Background Checks

There was a very interesting article in the online version of the Indianapolis Business Journal which should prove to every employer that things are not always as they seem.  This is from the October 15th edition of the online version of the IBJ.

Here’s the first line from the piece: “The CEO of Indianapolis-based Stonegate Mortgage Corp., one of the nation’s fastest-growing publicly traded mortgage companies, did not earn a degree from Indiana University as his company profile claims.”

The story goes on to report, “James J. Cutillo’s executive biography on the Stonegate website says he “holds a Bachelor of Science Degree in finance from Indiana University’s Kelley School of Business.”  However, later, “An IU spokesman who researched the matter at IBJ’s request said Cutillo does not hold an IU degree.  The school said he attended IU through the IUPUI campus in Indianapolis from the fall of 1989 to the spring of 1992 but was never conferred a degree.”

It seems that “Cutillo took the company public last year [2013] on the New York Stock Exchange with a $114 million initial public offering.”

The problem here, of course, is that Cutillo started the company along with his wife, so he wasn’t “hired” by anyone and the deception may be nothing more that resume inflation, but it’s still a deception that should never have occurred.  Without the deception, however, one can only be left to wonder if Cutillo could have built his company into “one of the nation’s fastest-growing publicly traded mortgage companies.”

The deception also raises understandable doubts about other possible exaggerations the company founder may have made along the way.  While some may try to minimize what could be called a “minor” deception, a lie is still a lie; and Cutillo had to know the claim of earning an IU degree was false.

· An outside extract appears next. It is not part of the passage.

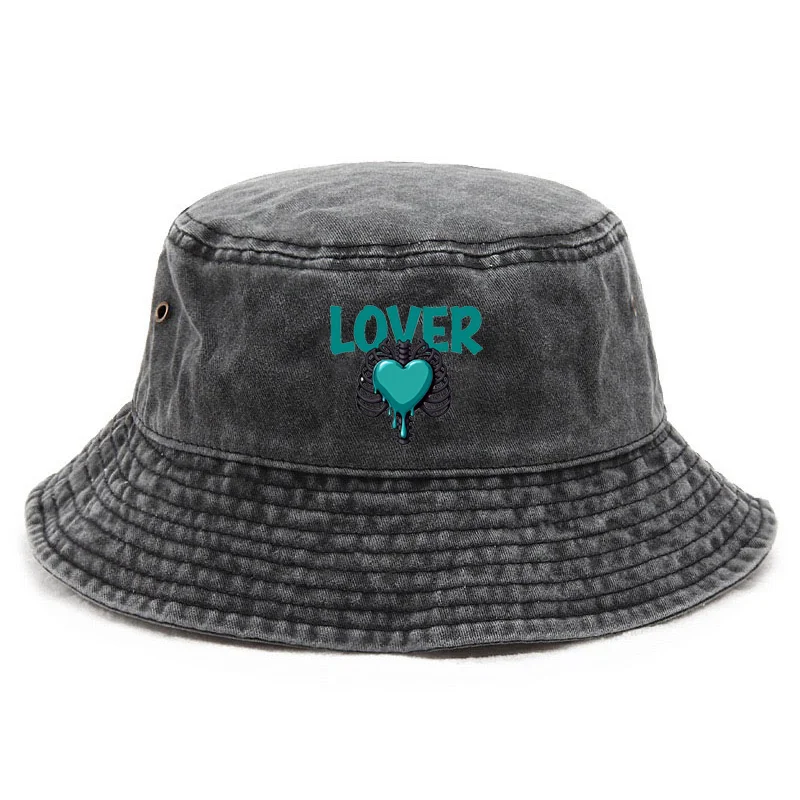 Personalizza il cappello da pescatore vintage in cotone lavato con amante del cuore per coppie, protezione solare, regalo per festival all'aperto, coppia di berretti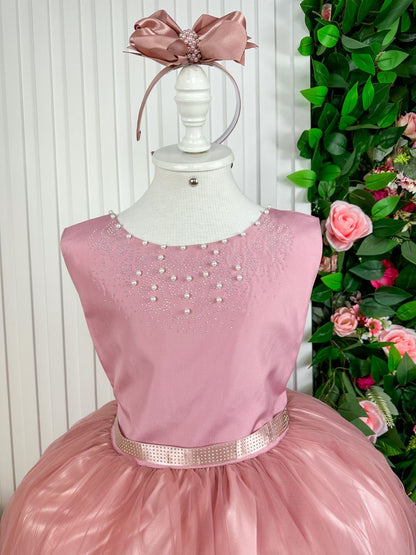 Vestido Infantil Enjoy Longo Regata Rosê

The lesson to be learned is that very little should ever be taken for granted when contemplating entering into any type of business dealings with another person.  It’s always better to check and be sure that all the information someone claims about himself is true.  It’s difficult to say what, if any, the ramifications of this incident will be.  One thing is certain, however, it’s better to check and be sure than to assume and be sorry – particularly when it’s so quick and easy for professionals to verify information like the accuracy of a degree claimed!